Many gamers and critics also have long proclaimed the death of RTS games because the games are all the same or just no fun. RTS games feature the same basic steps of gather resources, build armies, and conquer your enemies. This is the pattern that everyone recognizes in RTS games. Some fan patriots say their game is different in some better way from all previous games, but really it is just changing the way you gather, how fast you gather, how you kill, or how you train your units. It is simply adding on features on top of an already complex game. In the end, the new players want dazzling graphics and great game-play, and the hardcore niche group wants more features on top of an already complex game. This is said in all areas of entertainment along with game genres, but RTS games need a new jump. Apart from RTS experts, I can’t imagine how any normal casual online player could want to keep playing RTS games year after year unless they have a lot of friends to play with. A side effect is also that players don’t see a reason to buy the new games since they offer the same game-play with only better graphics and more streamlined but complicated features, and on top they have to relearn the controls.
Therefore, the online RTS communities are all growing smaller than their past counterparts. Each year there are a few new RTS games appearing, but the base RTS fanbase isn’t increasing as quickly. Some fans get bored of RTS games and move on to another passion, some simply save their $40 dollars and stick with what they already got, and others do move on to the newer RTS games. The communities become much smaller. There’s less amount of talented people. Less fun for everyone since there’s less scenarios, mods, clans, tournaments, and most importantly people. Maybe, this is simply just the way it is. This is the new age of RTS games, simply an evolution. But I really wish a new genre was setup or RTS games reached a new level. It is hard to say how this is possible and even harder for a developer to pitch this type of idea to a publisher, after all games these days have to sell a few hundred thousand copies or they don’t receive funding.
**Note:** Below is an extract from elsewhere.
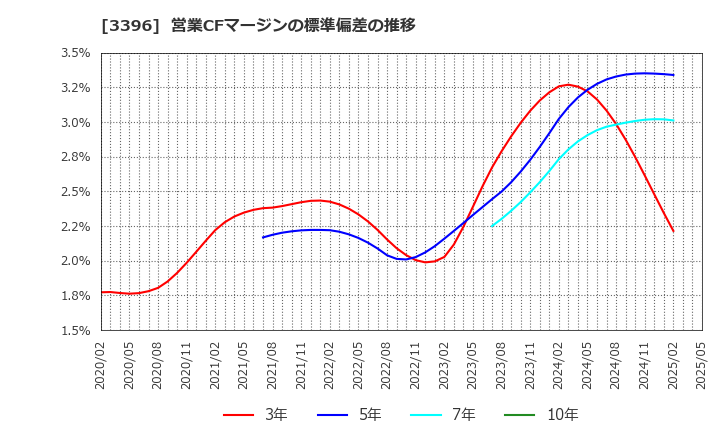 3396 (株)フェリシモ: 営業CFマージンの標準偏差の推移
But the only reason I truly still can love playing RTS games is the fans. And as a past scenario designer, clan member, former webmaster, fansite writer, and RTS player, the inspiration is becoming less and less to continue with more fan critics tearing at developers and publishers to add more eye candy instead of content. Sometimes they want more content, but it only appeases a few people. Quantity over quality.
In the end, RTS games won’t ever die. Each year tons of jaded RTS gamers leave while another new generation of newbie gamers enter. It just would be great if the oldies didn’t leave and the newbies didn’t feel so overwhelmed.